Pulverization and Powdering.—Prerequisite to the microscopical study of vegetable powders is a knowledge of the processes of pulverization and drug mills, such as may be found in any well illustrated work on pharmacy, and elements of plant anatomy.
The degree of fineness of the powders is of first importance in microscopical examinations. Coarse powders can not be used and if they are too fine the fragmentary tissues and products are too small to be recognized. These degrees of fineness are represented by certain numbers. A No. 80 powder, as defined by the U.S.P. VIII, for example, is one that will pass through a sieve having 80 meshes to the inch. In the U.S.P. IX No. go powder is defined as "Very fine powder, has a fineness in diameter of particles less than 0.17 millimeters," and it is specified also that the larger proportion of this must not pass through a sieve of lower degree of fineness (See U.S.P. IX, Part II). To obtain the best results, microscopically, powders may vary in fineness from No. 60, a fine powder, to No. 80, a very fine powder.
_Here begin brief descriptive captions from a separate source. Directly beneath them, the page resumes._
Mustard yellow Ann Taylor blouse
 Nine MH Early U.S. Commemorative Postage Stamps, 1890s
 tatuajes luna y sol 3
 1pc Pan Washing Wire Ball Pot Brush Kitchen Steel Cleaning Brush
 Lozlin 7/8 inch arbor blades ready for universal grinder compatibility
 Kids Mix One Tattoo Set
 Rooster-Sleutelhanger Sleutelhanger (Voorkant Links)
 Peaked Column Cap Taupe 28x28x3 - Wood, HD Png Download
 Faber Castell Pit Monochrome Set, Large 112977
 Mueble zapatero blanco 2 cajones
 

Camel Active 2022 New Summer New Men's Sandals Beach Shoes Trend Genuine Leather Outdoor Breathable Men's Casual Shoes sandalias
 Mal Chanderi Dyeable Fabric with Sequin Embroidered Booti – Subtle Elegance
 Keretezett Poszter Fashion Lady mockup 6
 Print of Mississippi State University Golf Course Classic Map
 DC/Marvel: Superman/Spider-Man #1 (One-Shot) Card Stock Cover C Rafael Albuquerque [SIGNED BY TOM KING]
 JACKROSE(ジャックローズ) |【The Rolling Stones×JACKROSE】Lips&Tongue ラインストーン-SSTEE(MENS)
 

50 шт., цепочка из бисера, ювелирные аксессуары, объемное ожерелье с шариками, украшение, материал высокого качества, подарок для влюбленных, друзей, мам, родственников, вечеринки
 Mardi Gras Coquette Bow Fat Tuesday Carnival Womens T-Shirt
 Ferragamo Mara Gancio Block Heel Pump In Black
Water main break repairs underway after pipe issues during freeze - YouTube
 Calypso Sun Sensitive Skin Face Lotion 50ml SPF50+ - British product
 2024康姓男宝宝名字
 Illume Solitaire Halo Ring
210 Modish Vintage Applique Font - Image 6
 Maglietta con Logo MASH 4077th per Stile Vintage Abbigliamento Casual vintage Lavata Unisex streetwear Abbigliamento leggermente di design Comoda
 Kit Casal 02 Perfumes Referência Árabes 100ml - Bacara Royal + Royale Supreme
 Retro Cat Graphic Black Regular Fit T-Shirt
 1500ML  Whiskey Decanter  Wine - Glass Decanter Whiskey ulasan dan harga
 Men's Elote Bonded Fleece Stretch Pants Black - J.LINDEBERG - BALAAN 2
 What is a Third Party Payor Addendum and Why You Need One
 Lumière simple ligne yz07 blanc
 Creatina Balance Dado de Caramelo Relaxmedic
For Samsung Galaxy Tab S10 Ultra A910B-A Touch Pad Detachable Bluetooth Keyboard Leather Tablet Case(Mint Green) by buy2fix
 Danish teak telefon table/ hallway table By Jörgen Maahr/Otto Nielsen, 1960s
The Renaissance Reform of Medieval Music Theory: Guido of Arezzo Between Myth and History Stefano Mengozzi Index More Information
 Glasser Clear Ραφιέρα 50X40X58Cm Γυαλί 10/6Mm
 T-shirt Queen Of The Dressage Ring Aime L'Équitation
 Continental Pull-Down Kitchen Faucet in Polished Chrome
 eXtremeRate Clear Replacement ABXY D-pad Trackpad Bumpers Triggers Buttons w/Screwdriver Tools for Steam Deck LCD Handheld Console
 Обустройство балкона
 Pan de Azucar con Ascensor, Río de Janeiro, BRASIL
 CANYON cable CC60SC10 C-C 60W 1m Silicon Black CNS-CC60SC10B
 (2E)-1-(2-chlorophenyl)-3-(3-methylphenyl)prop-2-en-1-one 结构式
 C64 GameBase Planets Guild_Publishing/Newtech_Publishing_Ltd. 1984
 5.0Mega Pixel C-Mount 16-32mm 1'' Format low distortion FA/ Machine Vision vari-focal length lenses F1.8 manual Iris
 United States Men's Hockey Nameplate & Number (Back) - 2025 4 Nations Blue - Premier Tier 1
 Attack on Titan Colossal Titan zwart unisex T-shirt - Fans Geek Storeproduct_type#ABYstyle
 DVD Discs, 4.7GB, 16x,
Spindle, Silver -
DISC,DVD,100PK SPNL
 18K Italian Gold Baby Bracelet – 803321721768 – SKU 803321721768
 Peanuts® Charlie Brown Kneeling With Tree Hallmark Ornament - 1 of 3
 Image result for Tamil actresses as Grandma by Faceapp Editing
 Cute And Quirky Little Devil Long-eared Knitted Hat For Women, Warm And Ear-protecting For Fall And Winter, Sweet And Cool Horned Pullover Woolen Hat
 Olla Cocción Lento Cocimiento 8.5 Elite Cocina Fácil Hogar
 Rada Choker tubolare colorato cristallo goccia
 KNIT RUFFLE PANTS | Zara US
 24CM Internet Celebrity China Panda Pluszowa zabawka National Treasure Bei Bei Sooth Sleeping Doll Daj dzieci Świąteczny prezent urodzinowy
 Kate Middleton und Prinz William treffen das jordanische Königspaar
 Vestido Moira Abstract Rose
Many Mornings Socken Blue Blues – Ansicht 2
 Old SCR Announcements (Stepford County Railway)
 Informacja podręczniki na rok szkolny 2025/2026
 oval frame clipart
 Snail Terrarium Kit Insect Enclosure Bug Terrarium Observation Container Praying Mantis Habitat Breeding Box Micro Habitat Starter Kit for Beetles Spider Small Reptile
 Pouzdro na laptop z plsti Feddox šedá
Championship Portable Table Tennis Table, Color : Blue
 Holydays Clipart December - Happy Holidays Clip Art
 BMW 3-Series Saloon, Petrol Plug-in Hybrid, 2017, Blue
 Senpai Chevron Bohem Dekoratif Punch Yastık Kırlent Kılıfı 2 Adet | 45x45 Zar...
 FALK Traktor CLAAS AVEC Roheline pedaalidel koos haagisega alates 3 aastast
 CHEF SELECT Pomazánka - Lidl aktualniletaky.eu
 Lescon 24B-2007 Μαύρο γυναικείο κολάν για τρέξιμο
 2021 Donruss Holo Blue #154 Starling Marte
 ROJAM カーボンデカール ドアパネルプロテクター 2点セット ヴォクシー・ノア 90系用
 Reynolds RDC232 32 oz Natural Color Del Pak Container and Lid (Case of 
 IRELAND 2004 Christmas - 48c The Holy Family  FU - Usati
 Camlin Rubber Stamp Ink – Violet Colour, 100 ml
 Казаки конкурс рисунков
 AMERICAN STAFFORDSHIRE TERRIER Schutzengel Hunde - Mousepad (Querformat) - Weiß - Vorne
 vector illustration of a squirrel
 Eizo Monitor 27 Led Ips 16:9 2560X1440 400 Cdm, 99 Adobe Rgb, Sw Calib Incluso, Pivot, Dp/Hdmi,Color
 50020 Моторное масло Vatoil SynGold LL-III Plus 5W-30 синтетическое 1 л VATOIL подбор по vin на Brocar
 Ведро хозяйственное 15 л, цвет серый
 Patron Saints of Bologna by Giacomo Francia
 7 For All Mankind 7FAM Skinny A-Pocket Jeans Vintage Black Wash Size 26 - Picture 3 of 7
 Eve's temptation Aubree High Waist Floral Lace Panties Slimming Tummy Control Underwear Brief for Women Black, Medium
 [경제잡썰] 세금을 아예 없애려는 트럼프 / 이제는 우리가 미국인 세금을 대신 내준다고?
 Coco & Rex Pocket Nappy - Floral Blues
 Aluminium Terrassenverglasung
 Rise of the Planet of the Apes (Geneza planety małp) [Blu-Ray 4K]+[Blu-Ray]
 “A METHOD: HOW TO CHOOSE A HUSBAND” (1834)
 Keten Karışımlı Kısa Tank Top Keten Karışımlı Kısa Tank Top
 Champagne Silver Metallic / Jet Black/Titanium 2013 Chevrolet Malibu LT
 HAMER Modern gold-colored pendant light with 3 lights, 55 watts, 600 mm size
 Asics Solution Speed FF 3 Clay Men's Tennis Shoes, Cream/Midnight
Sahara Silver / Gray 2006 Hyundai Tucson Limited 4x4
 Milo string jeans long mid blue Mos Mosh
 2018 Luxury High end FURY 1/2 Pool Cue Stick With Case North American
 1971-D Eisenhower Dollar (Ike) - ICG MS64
During the process of pulverization the less resisting tissues, such as thin-walled parenchyma cells, which, for the most part, contain starch, proteids and crystals, are reduced rapidly to powder, while the woody and fibrous parts together with the tracheids and vessels are quite difficult to pulverize. Accordingly, frequent sifting should be resorted to during the process, so that as the broken fragments are reduced to the proper size to pass through the sieve they may be removed. The process of grinding and sifting must be continued until all the tissues have passed through the sieve. Powders in small quantities may be made by means of a mortar and pestle, and if the material is thoroughly dry the time and labor need not be great. A mortar and pestle made rough by the use of coarse carborundum powder has proved very efficient. Coarse powders in considerable quantity may be made in an ordinary small coffee mill. The process of grinding may then be continued by means of mortar and pestle and the fineness carried to any degree desired.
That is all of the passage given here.